A new study shows improvement in visual working memory in older adults following ten hours training with a commercial brain training program. The performance gains correlated with changes in brain activity.

While brain training programs can certainly improve your ability to do the task you’re practicing, there has been little evidence that this transfers to other tasks. In particular, the holy grail has been very broad transfer, through improvement in working memory. While there has been some evidence of this in pilot programs for children with ADHD, a new study is the first to show such improvement in older adults using a commercial brain training program.

A study involving 30 healthy adults aged 60 to 89 has demonstrated that ten hours of training on a computer game designed to boost visual perception improved perceptual abilities significantly, and also increased the accuracy of their visual working memory to the level of younger adults. There was a direct link between improved performance and changes in brain activity in the visual association cortex.

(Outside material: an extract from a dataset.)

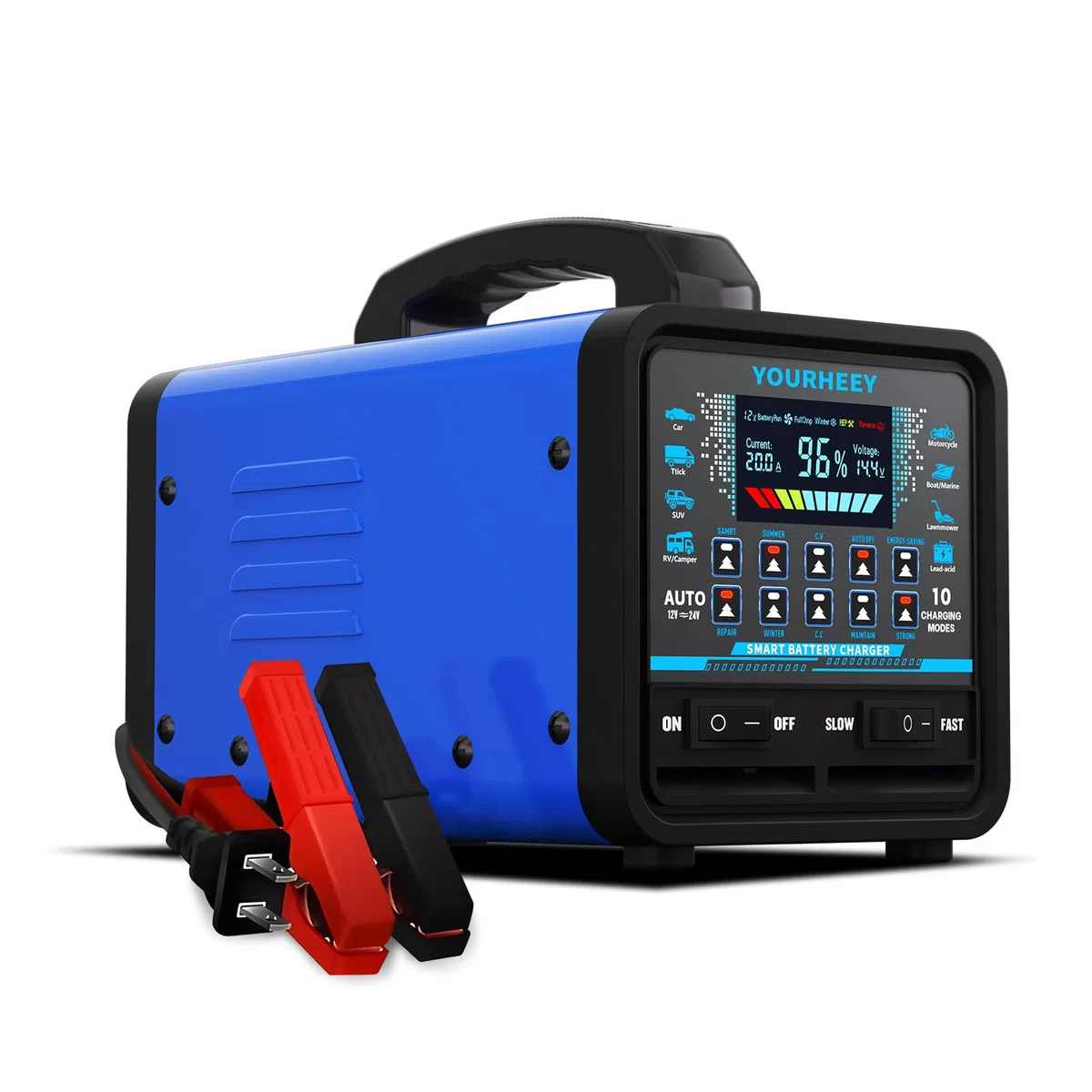 12V/24V 0-20A 2026 aktualisiertes Batterieladegerät und -wartung mit automatischer Abschaltung, Reparatur- und Wintermodus, 10 Modi und Farbanzeige für Auto, LKW, Motorrad, Wohnmobil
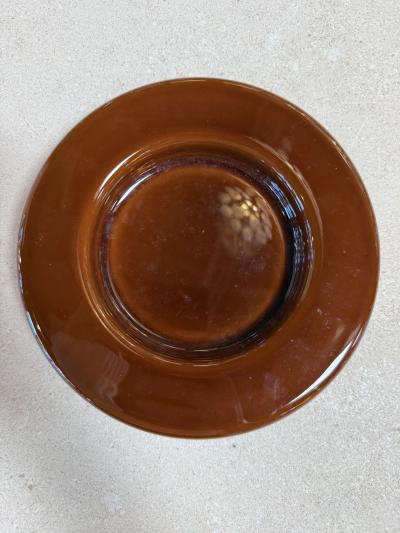 Vintage Amber Metal Lidded Box with Insert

The computer game was one of those developed by Posit Science. Memory improvement was measured about one week after the end of training. The improvement did not, however, withstand multi-tasking, which is a particular problem for older adults. The participants, half of whom underwent the training, were college educated. The training challenged players to discriminate between two different shapes of sine waves (S-shaped patterns) moving across the screen. The memory test (which was performed before and after training) involved watching dots move across the screen, followed by a short delay and then re-testing for the memory of the exact direction the dots had moved.